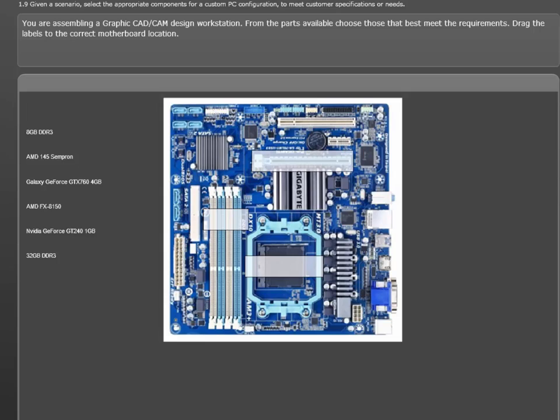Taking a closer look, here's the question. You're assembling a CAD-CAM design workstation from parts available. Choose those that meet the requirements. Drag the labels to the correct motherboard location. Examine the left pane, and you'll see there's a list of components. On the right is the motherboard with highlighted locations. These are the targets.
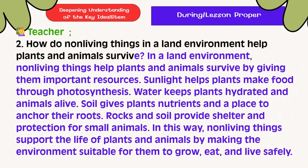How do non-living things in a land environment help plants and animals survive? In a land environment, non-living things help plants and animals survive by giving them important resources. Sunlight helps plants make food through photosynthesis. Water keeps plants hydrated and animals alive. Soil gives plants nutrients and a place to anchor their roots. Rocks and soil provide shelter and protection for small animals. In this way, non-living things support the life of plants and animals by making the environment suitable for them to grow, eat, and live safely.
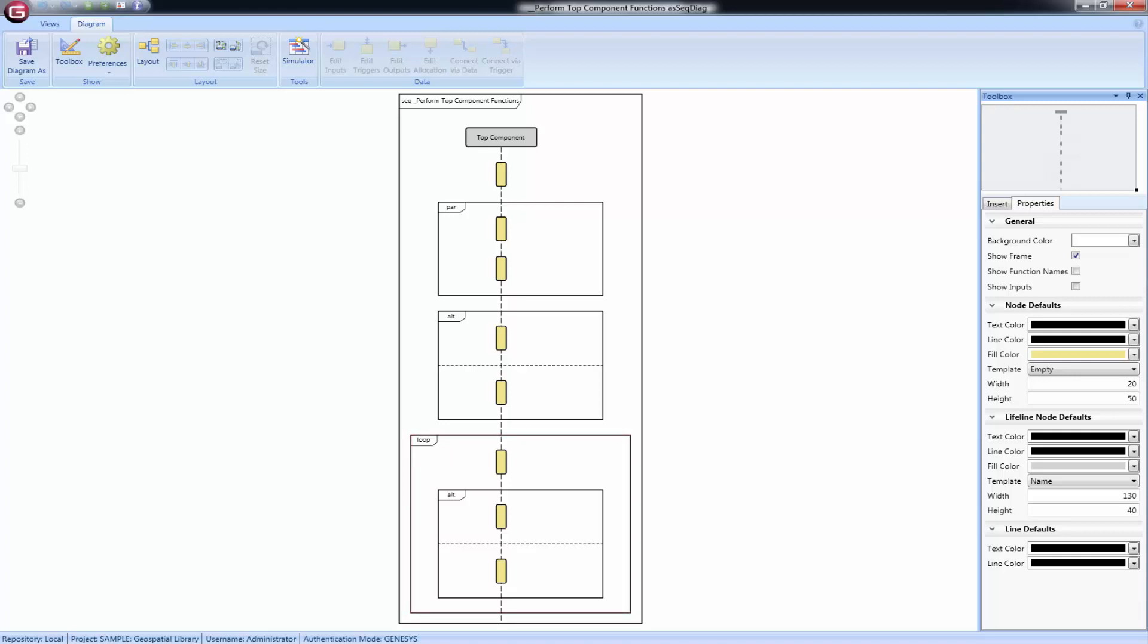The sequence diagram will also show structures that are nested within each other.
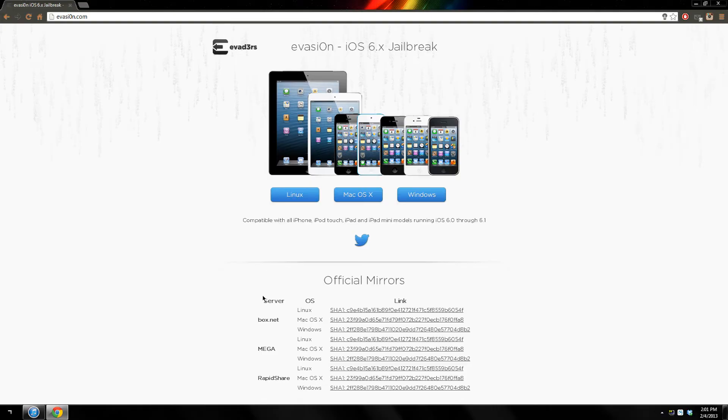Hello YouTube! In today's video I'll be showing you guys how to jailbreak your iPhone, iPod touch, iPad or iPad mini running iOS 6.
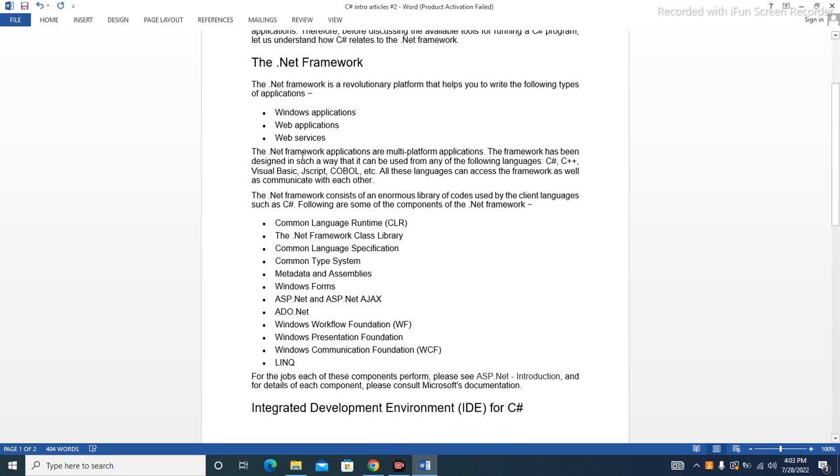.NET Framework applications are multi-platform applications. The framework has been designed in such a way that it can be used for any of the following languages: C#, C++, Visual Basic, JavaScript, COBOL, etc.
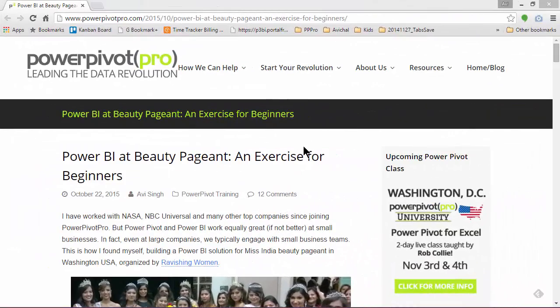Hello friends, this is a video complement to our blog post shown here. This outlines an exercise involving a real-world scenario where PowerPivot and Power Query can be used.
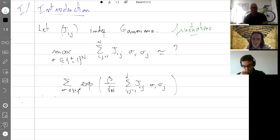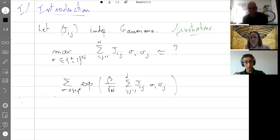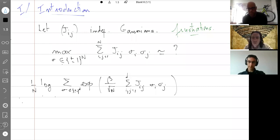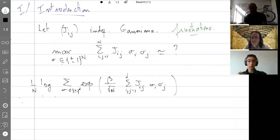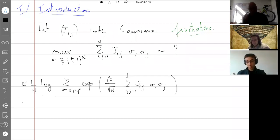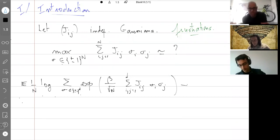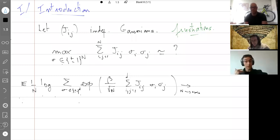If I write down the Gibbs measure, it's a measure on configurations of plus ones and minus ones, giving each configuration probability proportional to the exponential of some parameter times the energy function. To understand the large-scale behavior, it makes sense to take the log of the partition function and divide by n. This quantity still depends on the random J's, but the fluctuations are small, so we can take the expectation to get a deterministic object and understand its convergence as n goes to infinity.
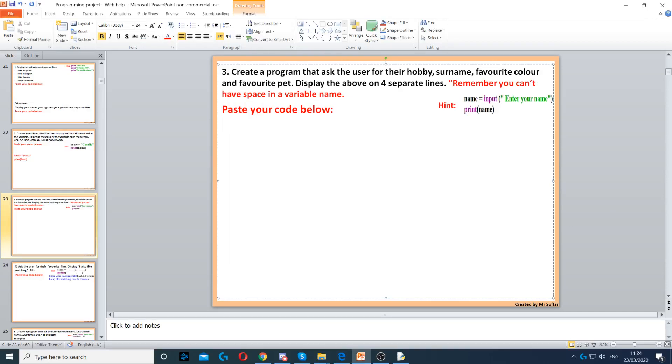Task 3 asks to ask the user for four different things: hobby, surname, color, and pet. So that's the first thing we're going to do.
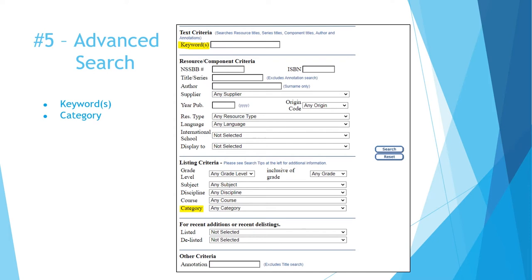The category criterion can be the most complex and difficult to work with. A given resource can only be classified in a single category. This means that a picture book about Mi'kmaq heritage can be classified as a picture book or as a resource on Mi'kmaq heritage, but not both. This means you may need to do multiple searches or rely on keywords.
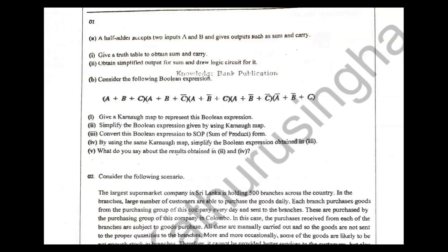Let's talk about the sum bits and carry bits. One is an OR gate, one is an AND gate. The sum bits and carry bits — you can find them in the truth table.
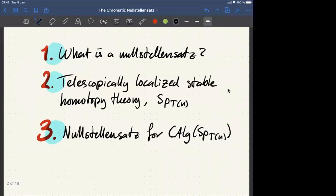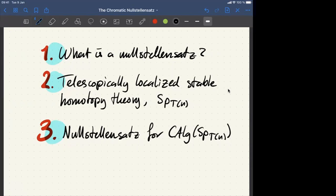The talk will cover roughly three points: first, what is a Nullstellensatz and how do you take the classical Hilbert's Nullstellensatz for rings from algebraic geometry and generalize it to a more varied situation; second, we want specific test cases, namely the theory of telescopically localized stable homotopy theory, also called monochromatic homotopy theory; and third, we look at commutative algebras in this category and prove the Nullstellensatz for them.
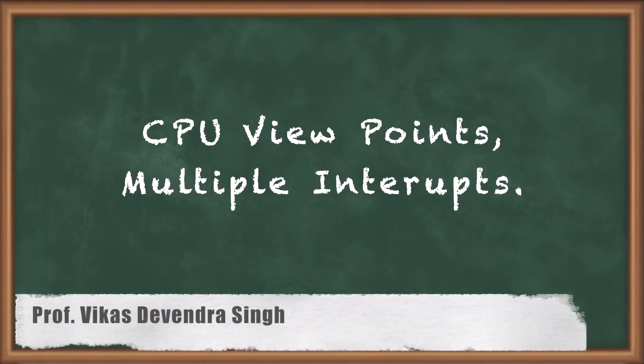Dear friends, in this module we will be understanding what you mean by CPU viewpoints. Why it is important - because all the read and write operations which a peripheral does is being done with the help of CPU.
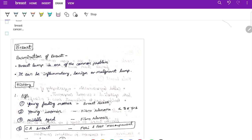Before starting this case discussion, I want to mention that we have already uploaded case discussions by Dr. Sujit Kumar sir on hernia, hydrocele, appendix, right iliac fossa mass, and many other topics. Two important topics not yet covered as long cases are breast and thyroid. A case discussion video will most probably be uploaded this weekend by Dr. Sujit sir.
+-------+
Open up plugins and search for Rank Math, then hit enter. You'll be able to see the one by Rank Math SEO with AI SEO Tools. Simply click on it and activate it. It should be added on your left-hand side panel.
+-------+
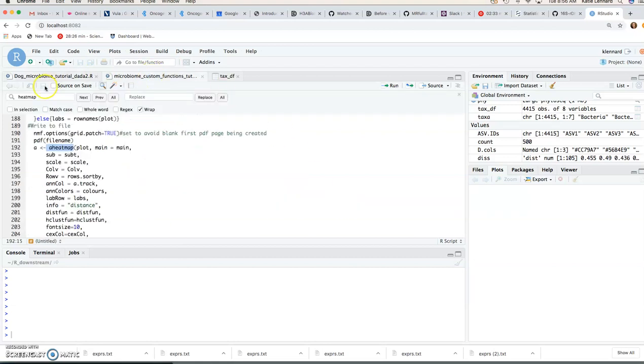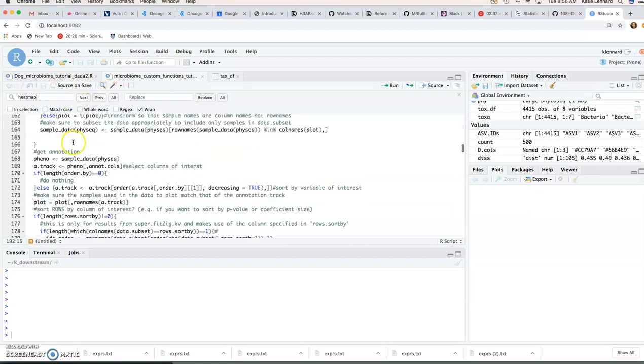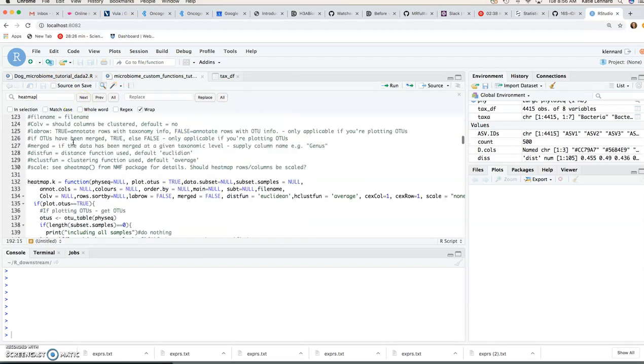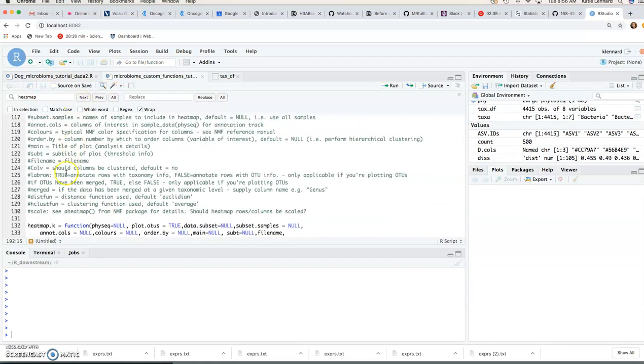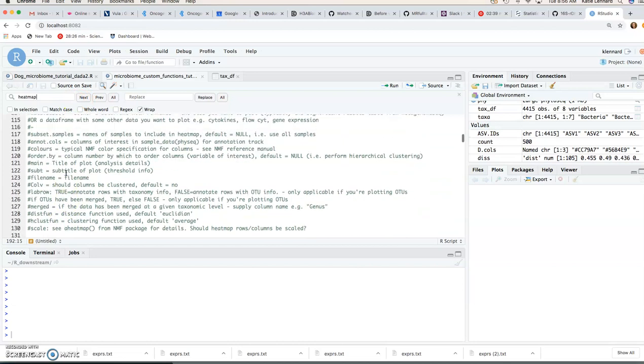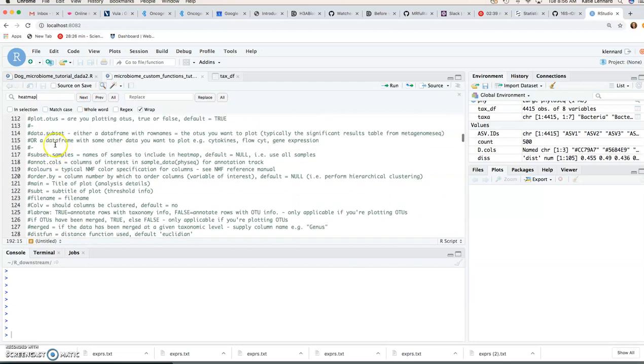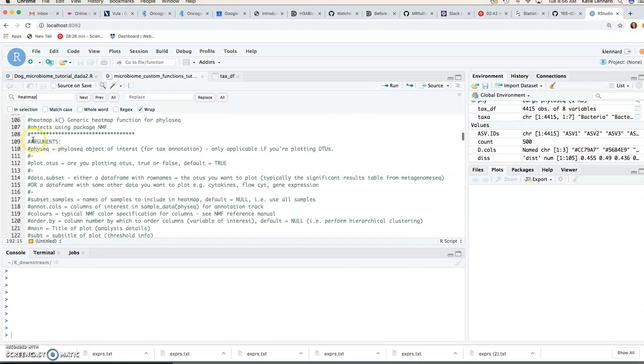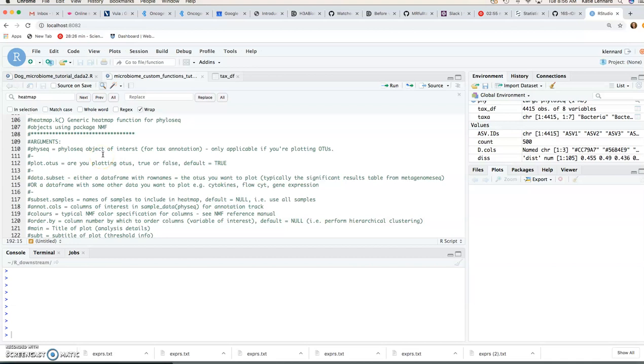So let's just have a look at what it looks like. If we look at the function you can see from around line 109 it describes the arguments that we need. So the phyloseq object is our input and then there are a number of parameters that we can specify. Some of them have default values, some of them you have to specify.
+-------+
» **PROBLEM**
In the entries above, every line from the line with "Hello friends, this" to the line with "If I write down" is to be printed exactly, with both ends included and pictures excluded.

» **RESPONSE TO THE TASK**
Hello friends, this is a video complement to our blog post shown here. This outlines an exercise involving a real-world scenario where PowerPivot and Power Query can be used.
If I write down the Gibbs measure, it's a measure on configurations of plus ones and minus ones, giving each configuration probability proportional to the exponential of some parameter times the energy function. To understand the large-scale behavior, it makes sense to take the log of the partition function and divide by n. This quantity still depends on the random J's, but the fluctuations are small, so we can take the expectation to get a deterministic object and understand its convergence as n goes to infinity.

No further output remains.